▶ _Task prompt_
Reproduce the listing below in full and exactly; no pictures belong in the copy.

+++ Information supplied +++

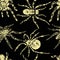 Seamless background of sketches of poisonous spiders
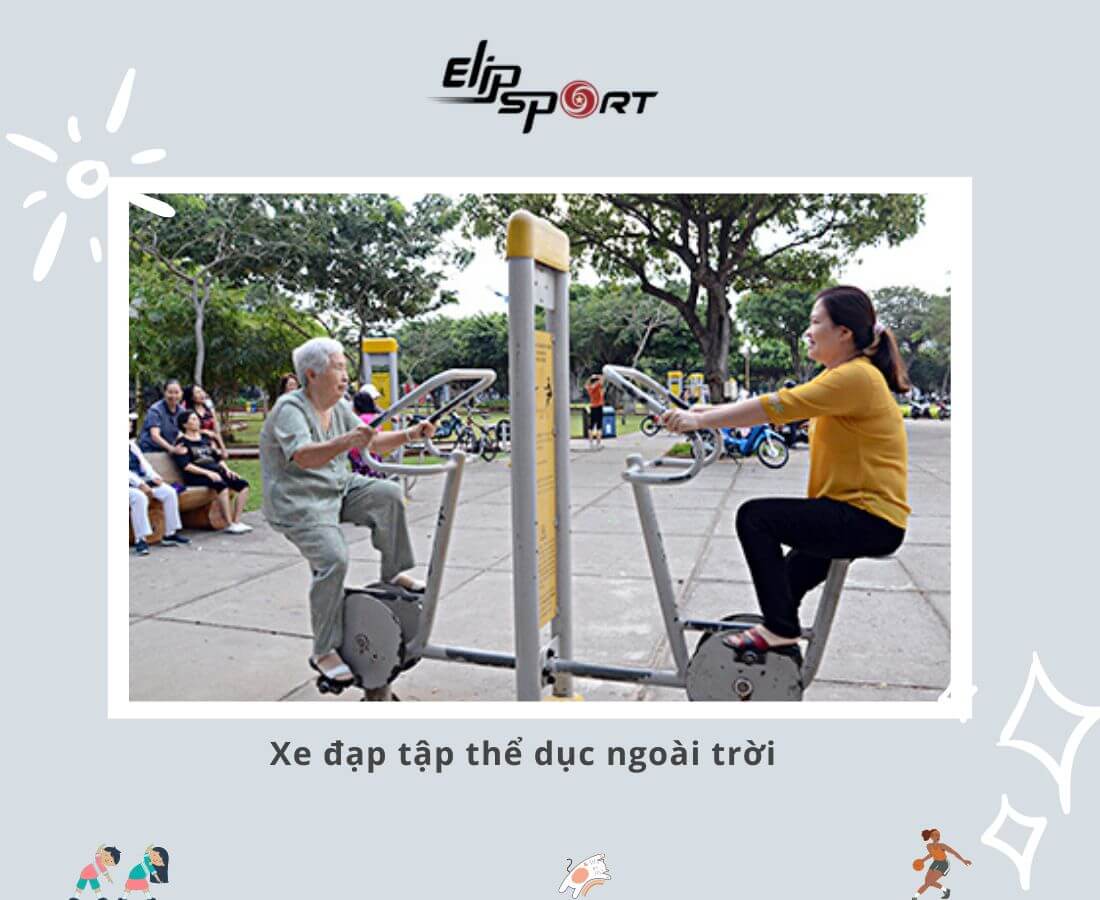 xe đạp tập thể dục ngo&agrave;i trời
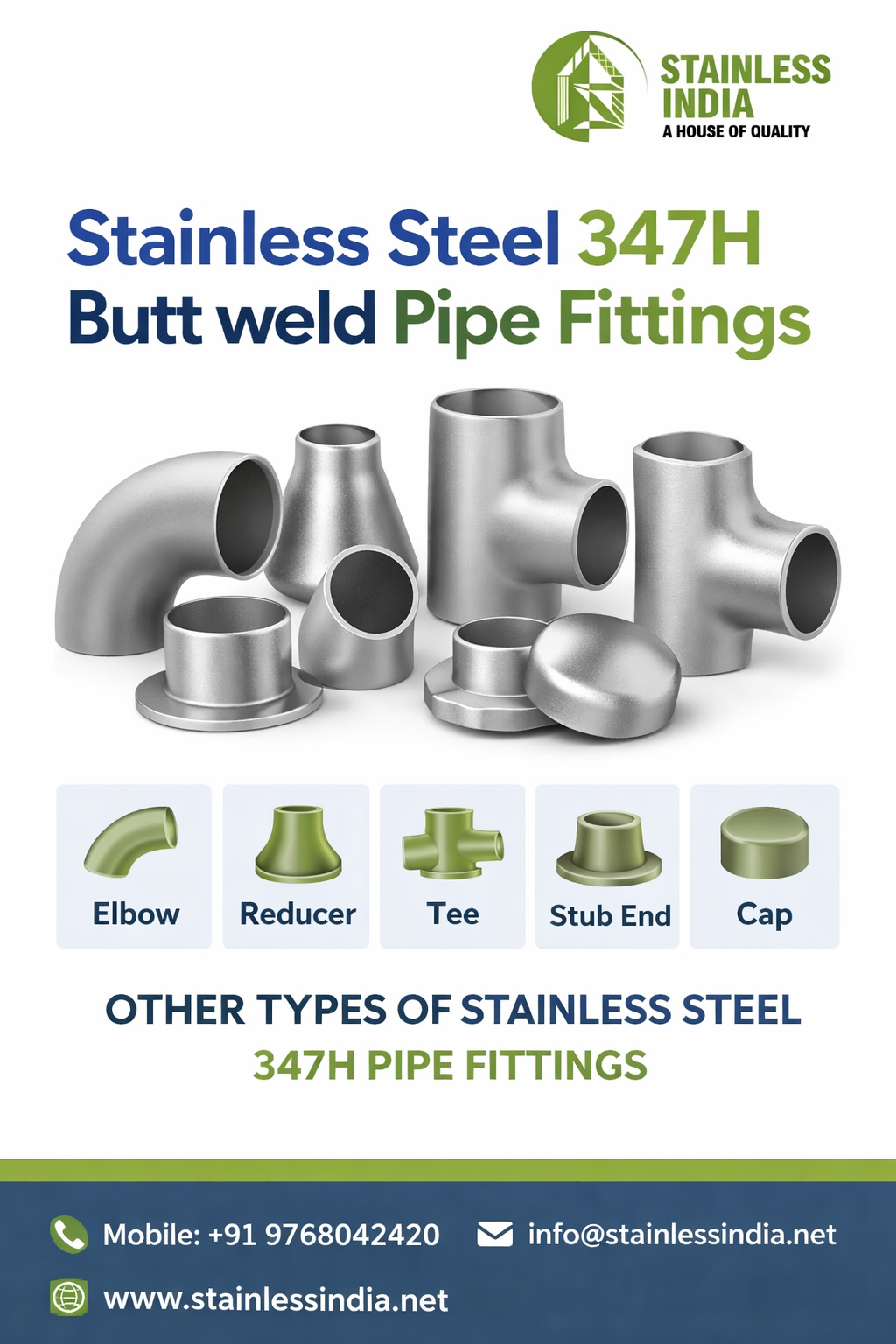 SS 347H 180° SR Elbow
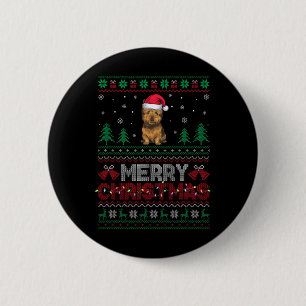 Cairn Terrier Dog liebt Weihnachtsmannmütze Weihna Button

+++

▶ _Solution for this problem_
 Seamless background of sketches of poisonous spiders
 xe đạp tập thể dục ngo&agrave;i trời
 SS 347H 180° SR Elbow
 Cairn Terrier Dog liebt Weihnachtsmannmütze Weihna Button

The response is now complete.